A professor is interested in the pattern that average scores on the three exams that they give in their course follow. The professor gives three exams throughout the term: midterm 1, midterm 2, and a final exam. The professor hopes that scores on the exams follow a linear trend such that average scores improve on every successive exam. However, it’s also possible that the pattern of average scores could follow a quadratic trend such that scores could initially improve from midterm 1 to midterm 2, but then worsen on the final exam since the final exam tends to be more difficult than either midterm.
For this scenario, we’re going to test whether a linear or a
quadratic trend significantly fits the pattern in the data. The data can
be imported from the examscores.csv file on Canvas.
data <- import("examscores.csv")
head(data)
## ID exam score
## 1 1 1 75
## 2 2 1 40
## 3 3 1 82
## 4 4 1 60
## 5 5 1 52
## 6 6 1 72
The independent variable, exam, should be a factor. The dependent variable, score, should be integer or numeric.
IV: Exam (categorical predictor)
DV: Score on the exam
First, check each variable’s measure type.
str(data)
## 'data.frame': 30 obs. of 3 variables:
## $ ID : int 1 2 3 4 5 6 7 8 9 10 ...
## $ exam : int 1 1 1 1 1 1 1 1 1 1 ...
## $ score: int 75 40 82 60 52 72 21 74 79 55 ...

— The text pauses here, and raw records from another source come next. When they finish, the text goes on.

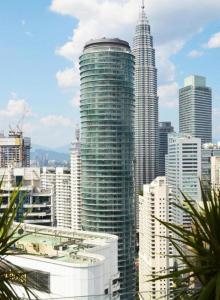 a view of a city with tall buildings at Vortex Suite & Residence Kuala Lumpur in Kuala Lumpur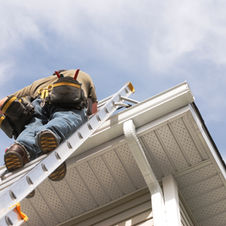 Repairing gutter on ladder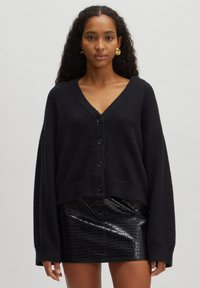 Zwarte gebreide cardigan met een v-hals, oversized pasvorm en vijf knopen aan de voorkant. Draagt over een glanzende zwarte rok met krokodillenpatroon.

We need to convert ID and exam into
factors.
Note: Since exam was imported as an
integer variable, when converting it to a factor, we
need to specify the labels in the order that they are numerically
specified (not in alphabetical order like we would
need to do if the variable was imported as a character
variable).
data <- data %>%
mutate(ID = as.factor(ID),
exam = factor(exam, labels = c("Midterm 1", "Midterm 2", "Final Exam")))
levels(data$ID)
## [1] "1" "2" "3" "4" "5" "6" "7" "8" "9" "10"
levels(data$exam)
## [1] "Midterm 1" "Midterm 2" "Final Exam"
Let’s produce a descriptive statistics table showing the mean and standard deviation for scores across each level of exam:
Table
descriptives <- data %>%
group_by(exam) %>%
summarize(mean = mean(score),
sd = sd(score))
descriptives %>%
knitr::kable(digits = 2, col.names = c("Exam", "Mean", "SD"), caption = "Descriptive Statistics for Scores Across Exams Given", format.args = list(nsmall = 2))
| Exam | Mean | SD |
|---|---|---|
| Midterm 1 | 61.00 | 19.47 |
| Midterm 2 | 85.30 | 15.76 |
| Final Exam | 67.60 | 19.99 |
Second, let’s make a graph displaying the mean score across each exam given.
Graph
ggplot(descriptives, aes(x = exam, y = mean, fill = exam)) +
geom_bar(stat = "identity") +
ggtitle("Average Scores Across Exams Given") +
labs(x = "Exam",
y = "Mean Score") +
theme(plot.title = element_text(hjust = 0.5))
Question: What type of pattern do the average exam scores appear to follow?
The pattern appears to most closely resemble a quadratic relationship (scores in groups 1 and 3 are lower than scores in group 2).
For a categorical predictor with 3 levels, we can construct m-1 = 3-1 = 2 contrast codes.
When you are constructing two contrast codes, the set of codes we can use to test the significance of a linear and a quadratic trend in the data are:
Linear trend: -1/2, 0, 1/2
Quadratic trend: -1/3, 2/3, -1/3
Let’s specify these for our exam predictor:
Normally, we would specify the contrast codes like this (lines below are intentionally commented out):
# linearCC <- c(-1/2,0,1/2)
# quadraticCC <- c(-1/3,2/3,-1/3)
# contrasts(data$exam) <- cbind(linearCC, quadraticCC)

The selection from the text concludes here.